Since I don't know what this is for, I manually removed all of these records out of the collection and restarted the ditto-connectivity pods. After that, we were able to fetch the ditto connections again using the HTTP GET endpoint. Something to note: the connection count in ditto dropped from 20 to 7. Any idea what might be going on? We experienced this in our development environment now and would like to avoid this in our production environment. It's worthy to mention that we recently upgraded ditto from 3.3.7 to 3.4.3

alstanchev commented 9 months ago

This record looks very strange, like it was exported with mongoExport end then restored in the database which would cause the numeric values too look like the "from:, to:, sn:". If this is what you did you should use mongoDump as it uses binary and preservs types not like mongoExport that works with json.

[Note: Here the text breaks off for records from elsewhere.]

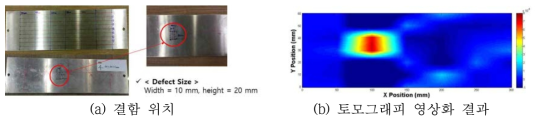결함 위치 및 개발된 토모그래피 영상화 적용 결과
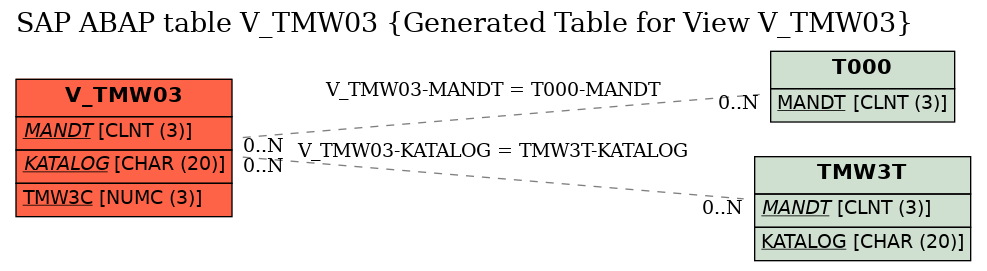 E-R Diagram for table V_TMW03 (Generated Table for View V_TMW03)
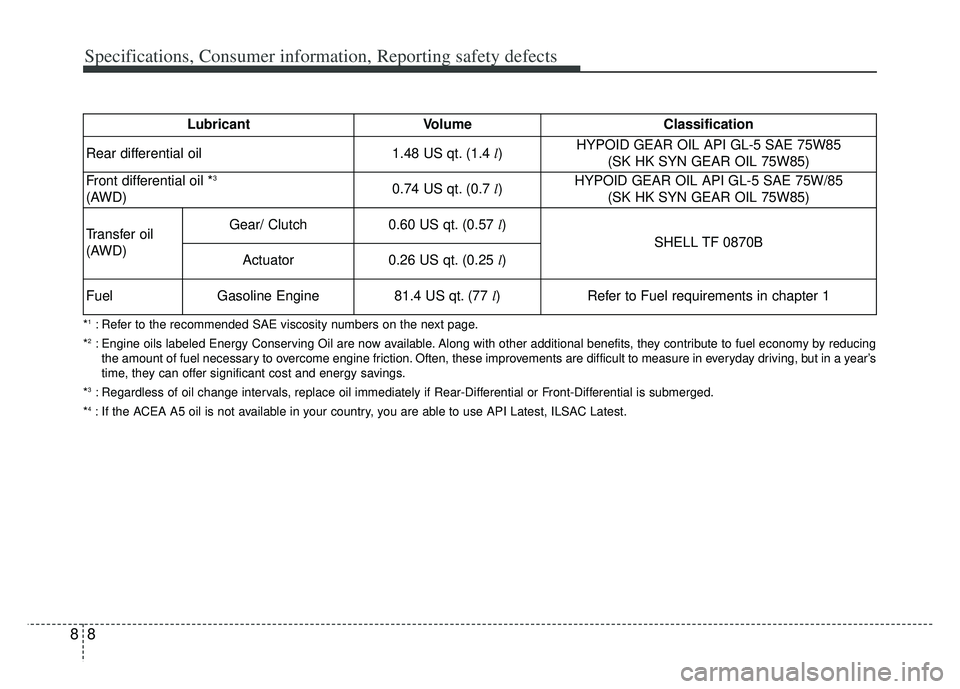 KIA K900 2020 Owners Manual Specifications, Consumer information, Reporting safety defects
88
Lubricant VolumeClassification
Rear differential oil1.48 US qt. (1.4 l)HYPOID GEAR OIL API GL-5 SAE 75W85
(SK HK SYN GEAR OIL 75W85)
F KIA K900 2020 Owners Manual Specifications, Consumer information, Reporting safety defects
88
Lubricant VolumeClassification
Rear differential oil1.48 US qt. (1.4 l)HYPOID GEAR OIL API GL-5 SAE 75W85
(SK HK SYN GEAR OIL 75W85)
F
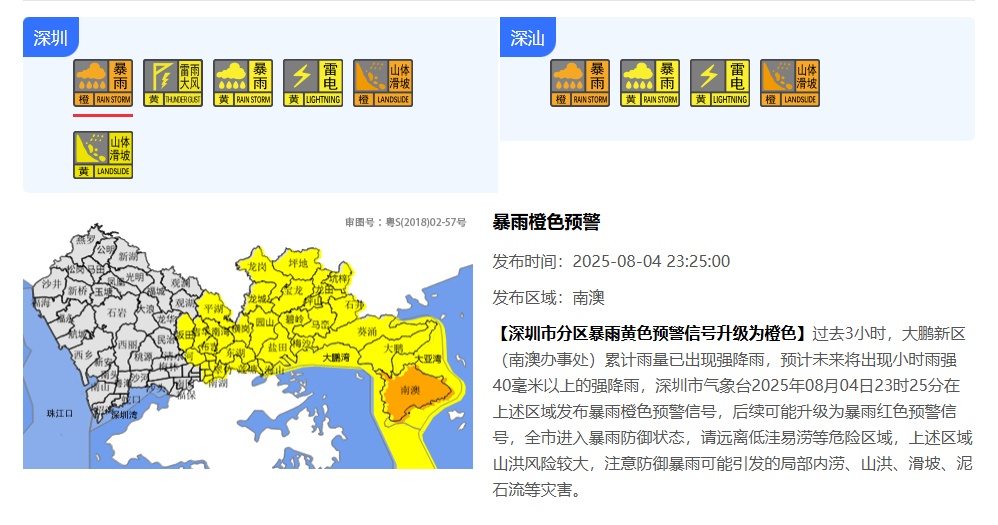 注意！深圳分区暴雨预警信号升级为橙色！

BobClaerhout commented 8 months ago

I agree it looks strange. I double checked with my colleagues and we did not do any manual actions on the database. The origin of these are therefor unknown. On the other hand: it's not good this makes the "list connections" call fail, is it? Wouldn't it be better to just return the connections it is able to load and skip the ones which fail instead of failing the call?

alstanchev commented 8 months ago

I would prefer to make the error more vissible with a more descriptive message (something like "Corrupted record or unable to deserialize") instead of returning what is possible only. Otherwise such corruptions will remain hidden. But still i doubt this was persisted by the service. Is it possible that by mistake maybe while examining the db with Mongo Compass or the atlass UI an unoticed edit was done?

BobClaerhout commented 7 months ago

I doubt the edit. It's not that easy to change documents in the atlass UI, let alone multiple accidental edits. Providing a more descriptive error is also fine!